The full report is available for download here. Those who prefer a webinar must wait till 17 August at 2pm (EDT)–registration here. Cynerio release, HealthcareITNews
Updated. Having sat in on the webinar, some further information points from the Ponemon survey deepen the ‘gravity of the risk’:
- IoT is different because a hack or cyberransoming prevents the device from working. It isn’t fixed by backup as data can be.
- Health systems are still using IoT computer systems running Windows XT/95–and earlier (!)
- The average total cost of the largest data breaches is $13 million–the most common cost is in the $1-5 million range.
- 88% of these data breaches involved at least one IoT/MT device
- Risks are known, but action is lagging. 72% of health organizations report a high level of urgency in securing devices–yet 67% of organizations do not keep an inventory of IoT/IoMT devices that they scan
- 79% don’t consider their activities to be ‘mature’
- Security investment doesn’t reflect the gravity of the risk–only 3.4% of IT budgets focus on IoT/MT device security.
And in sad layoff news, Owlet Baby Care is shedding an unknown number of employees.

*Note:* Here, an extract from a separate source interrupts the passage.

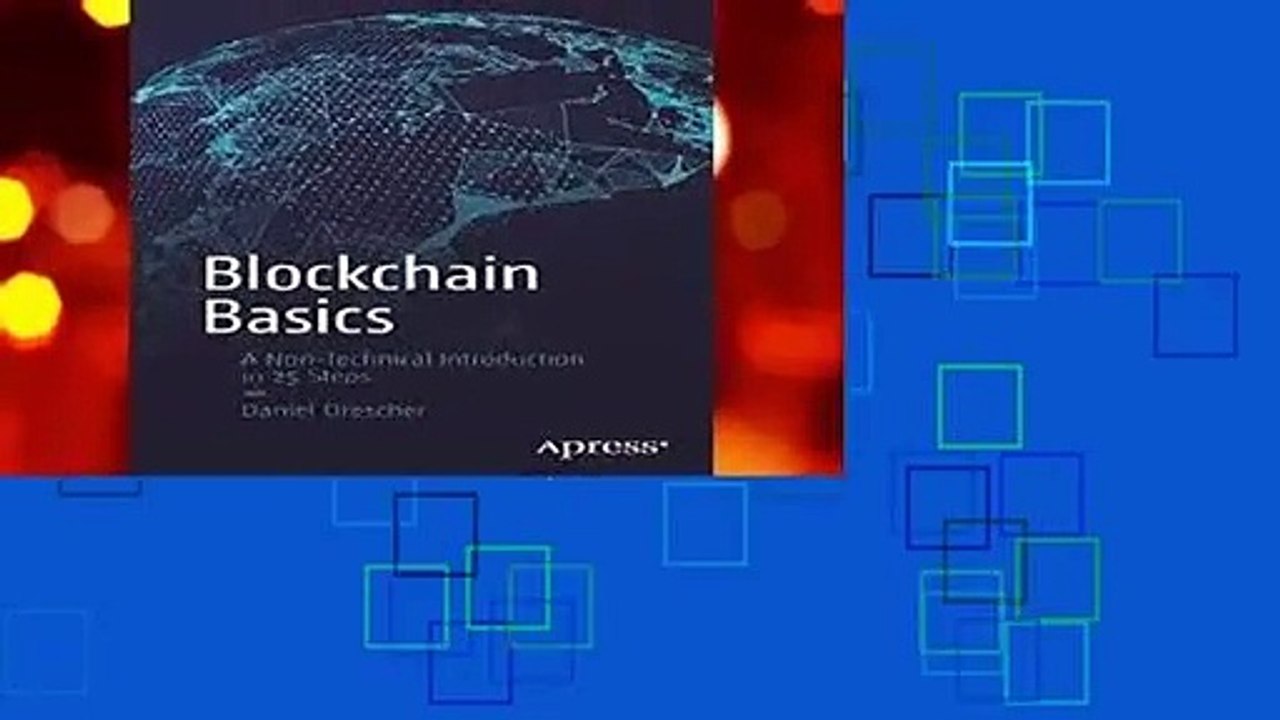 [FREE] Blockchain Basics: A Non-Technical Introduction in 25 Steps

Here is the notice on LinkedIn. We noted their FDA problems and a fast pivot last in February, but their going public via a SPAC has been rocky at best with shares lingering at $2 from the IPO at $8. Marketing a pricey baby monitor direct to consumer is expensive, even if it meets a need, and this is likely a cash crunch. At least the ‘leader of people & culture’ is giving them a proper sendoff of thanks–and more usefully, providing their contact information for potential job openings with other companies.
[This is in contrast to the gone-viral spectacle of the CEO of something called HyperSocial posting on LinkedIn
his angst about laying off staff–along with a selfie of him weeping. Not exactly confidence-making and All About Him. This Editor’s comment is one of 6,000-odd posts which are largely doubtful to negative.]